Using package `pandas_datareader` to read data remotely: <sup>[[1]](#ft1)</sup>
+ use `pip install pandas_datareader` to install `pandas_datareader` in shell

In [None]:
import pandas as pd
# REF: https://pandas.pydata.org/pandas-docs/version/0.18.1/remote_data.html#remote-data-yahoo
# Install pandas_datareader first.
import pandas_datareader.data as web
import datetime

start = datetime.datetime(1970,1,1)
end = datetime.date.today()
# read data from Yahoo Fiance Remotely
BHP = web.DataReader("BHP", "yahoo", start, end)

In [None]:
type(BHP)

# How to Obtain the Company List of an Industry

1. Website: https://finance.yahoo.com/sector/ms_basic_materials
2. Select the filter
3. Copy the list to txt, and get the company name via regex

In [9]:
import re
from collections import defaultdict
import pandas as pd
import pandas_datareader.data as web
import datetime
import os

def getIndustryData(path: str, start: datetime.datetime, end: datetime.datetime):
    # read the txt file
    with open(path, 'r') as f:
        f = f.readlines()
    # identify the symbol pattern of the company
    pattern = re.compile('(?<=^)[A-Z-]+(?=\t)')
    
    company_list = []
    # get the company list
    for line in f:
        company_list.extend(re.findall(pattern, line)) 
        
    company_dict = defaultdict(pd.core.frame.DataFrame)
    for c in company_list:
        # read data from Yahoo Fiance Remotely
        try:
            company_dict[c] = web.DataReader(c, "yahoo", start, end)
        except:
            print(c)
        
    return company_dict

def toCsv(d: dict, folder: str):
    # store the data into data folder
    # REF: https://www.jianshu.com/p/dde02a88a5c1
    root_path = os.path.abspath(os.path.dirname(os.getcwd()))
    data_path = os.path.join(root_path, 'data')
    path = os.path.join(data_path, folder)
    try:
        # REF: https://www.geeksforgeeks.org/create-a-directory-in-python/
        os.mkdir(path) # create the corresponding industry direction
    except:
        pass
    for k,v in d.items():
        file = path + '/' + k + '.csv' # file location
        v.to_csv(path_or_buf = file, index = True)

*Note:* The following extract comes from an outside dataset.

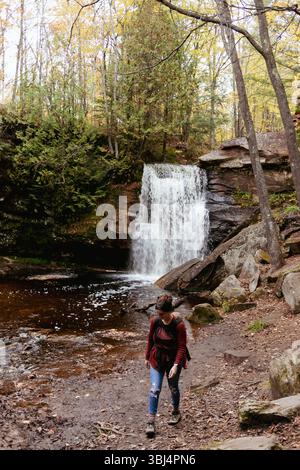 Mother carrying baby in front of a waterfall during Autumn Stock Photo
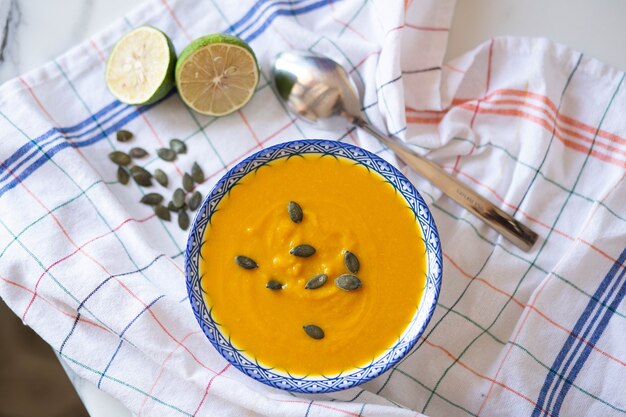 Crema-sopa de calabaza con limón y semillas en un tazón con una cuchara. Concepto de comida casera saludable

start = datetime.datetime(1970,1,1) # start time point 
end = datetime.datetime(2021,1,1) # end time point

## Agriculture

Filter:

|Attributes|Value|
|:--|:--|
|Prices| >0|
|Section|Basic Materials|
|Industry|Agricultural Inputs|
|Exchange|NasdaqGS<br> NYSE<br> Nasdaq<br> NasdaqCM<br> NasdaqGM<br>|

In [6]:
agri_dict = getIndustryData('./agriculture.txt', start, end)
# toCsv(agri_dict, 'agriculture')

## Energy

![](https://user-images.githubusercontent.com/22797017/115959053-e398e100-a53c-11eb-9161-db98a1c912d6.png)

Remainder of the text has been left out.